#### Source material:
* * *

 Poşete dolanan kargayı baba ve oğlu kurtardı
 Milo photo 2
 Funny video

* * *

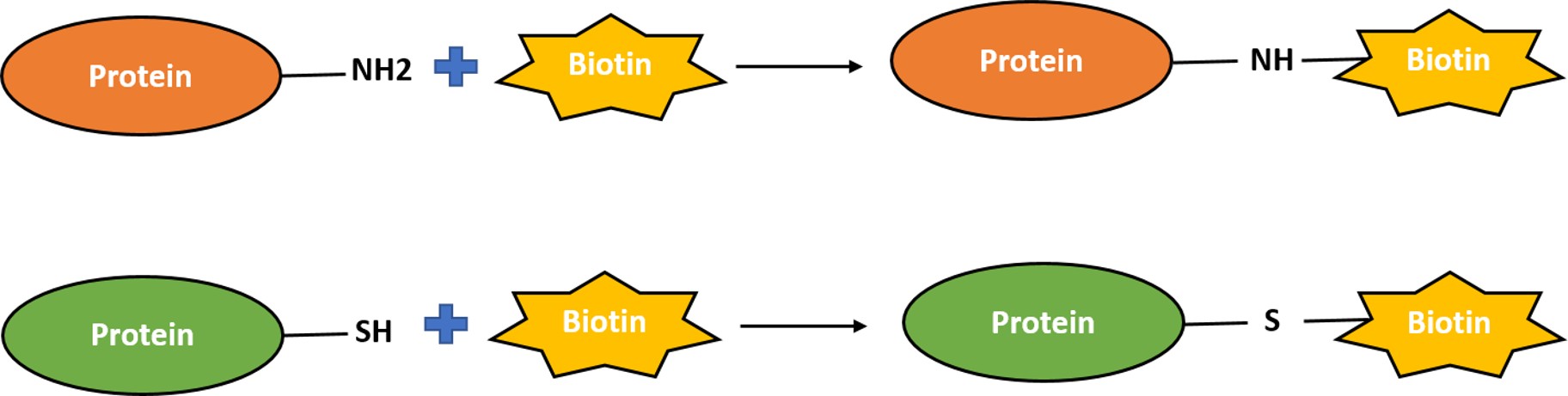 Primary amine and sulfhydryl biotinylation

* * *

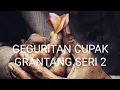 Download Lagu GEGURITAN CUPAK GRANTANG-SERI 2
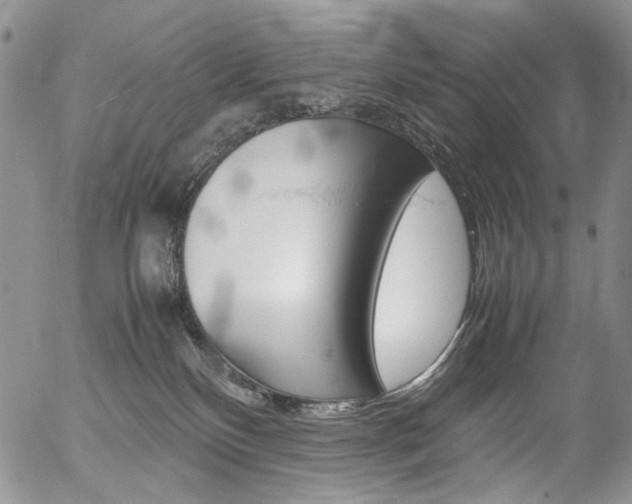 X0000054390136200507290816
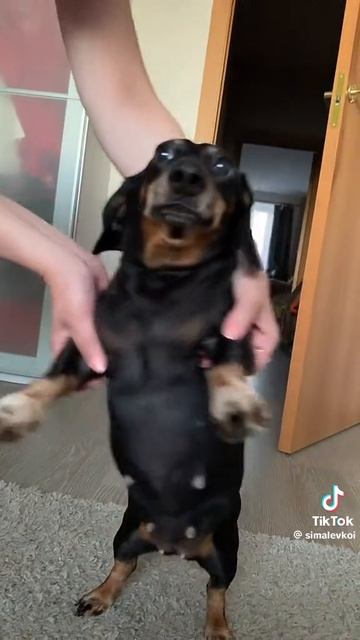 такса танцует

* * *

#### Task to carry out:
As listed above, the lines from the line with "Poşete dolanan kargayı baba ve oğlu kurtardı" to the line with "Funny video" are to be echoed exactly, with both ends included and nothing added.

#### Expected answer:
 Poşete dolanan kargayı baba ve oğlu kurtardı
 Milo photo 2
 Funny video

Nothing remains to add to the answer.